Nella sua autobiografia, Pozzecco in più occasioni riconosce quali sono stati i suoi errori. È consapevole che determinate scelte avrebbero potuto orientare la carriera in altro modo. Ma forse non sarebbe stato lui, il vero Poz fino in fondo. Sa di essere stato un giocatore pazzo e imprevedibile, probabilmente ingestibile, “prendere o lasciare”, ma di essere rimasto se stesso. Senza compromessi e mezze misure, che pure a volte, e a maggior ragione oggi che è allenatore, sono necessari. Ha giocato per emozionarsi ed emozionare la gente.

Pozzecco ha sempre messo al centro di tutto le relazioni umane, motivo per cui l’amore che lo unisce a Varese, Bologna e Capo d’Orlando, quelle che considera le sue tre città, non si spezzerà mai. Così come il rapporto con allenatori quali Dado Lombardi e Charlie Recalcati, che gli hanno dato spazio e fiducia quando giocava nelle loro squadre, perché in campo era felice solo se poteva avere libertà d’espressione: “Non dovevo e non potevo essere allenato da uno che non mi dava libertà e spazio. Questo l’ho sempre pensato: io volevo diventare l’allenatore che avrei voluto che mi allenasse“.

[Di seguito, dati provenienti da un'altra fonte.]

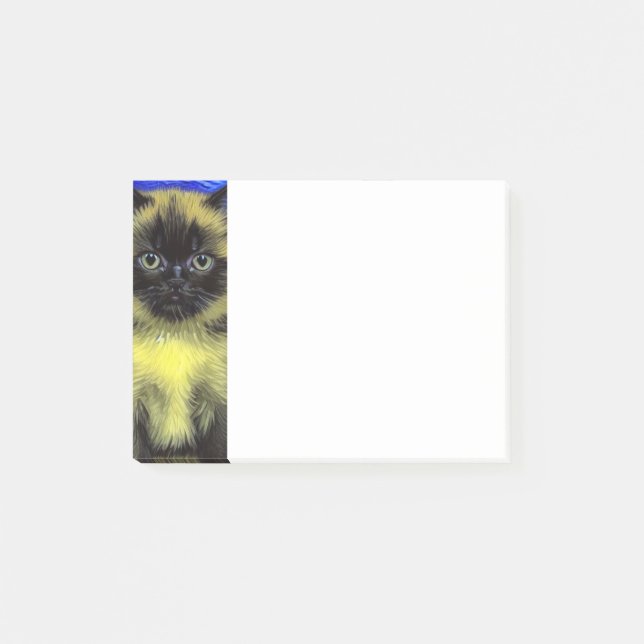 Van Gogh Starry Night Siamese Cat Post-it Block (Framsida)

Da Clamoroso emerge la storia di un ragazzo diventato uomo vivendo il basket in ogni momento, sia nel giusto sia nell’errore, in maniera profonda e viscerale. E che si è goduto la vita che il suo status di atleta professionista gli ha consentito di fare. Pozzecco è una persona vera, non solo un tipo da notti brave che pur costellano il suo percorso, ma che sa cosa significa darsi obiettivi e sognare in grande. Dal suo esempio emerge l’insegnamento più importante di tutti: provarci sempre. Come quando si sbaglia un tiro e si ritenta subito, convinti di fare canestro, perché “s’impara solo in questa maniera. È così nel basket, come nella vita“.